I've discovered over the years that most people that are anti-GM take that stance because it was the politically correct thing to do. Once they start to examine the facts their opposition typically drops as unfounded.

You might want to look at your own facts.

Comment: Re:*Sigh* (Score 2) 284

but it seems much more sane to me than allowing politicians to be legally bought.

Sanity in politics? Be still, my heart.

I realise that being cynical is so much easier: no chance to be disappointed, easy to look down on other people, feel smug about your oh so original snarky comments. However, you'll never achieve anything of worth (unless you only think in terms of monetary outcomes) on the given subject with that attitude.
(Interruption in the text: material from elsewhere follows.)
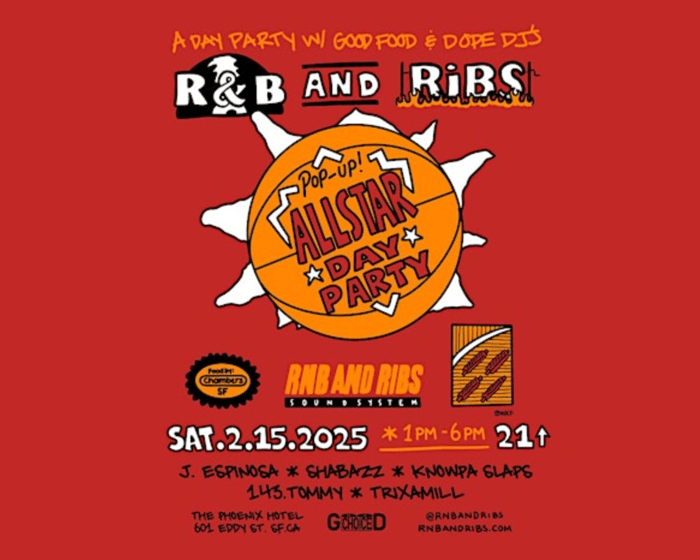 R&B and RIBS - ALL STAR WKND tickets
I was involved in the fight against the fight against the software patent directive in the EU, and the only reason basically a bunch of students won the fight about that particular directive against a multimillion euro campaign by the giants of the electronics and software industry was that we weren't aware in advance that we couldn't win and that we didn't already "know" that all (or even most) politicians are useful idiots that only care about their image and paycheck, and instead kept bombarding them with facts and academic studies (even organising a couple of conferences ourselves). And having gone through the entire process and a few ones later too (some of which we lost), I still don't "know" that all/most politics is a sham.

I stand by my point (yes, the AC was me too) that politics without legalised bribery is far more sane.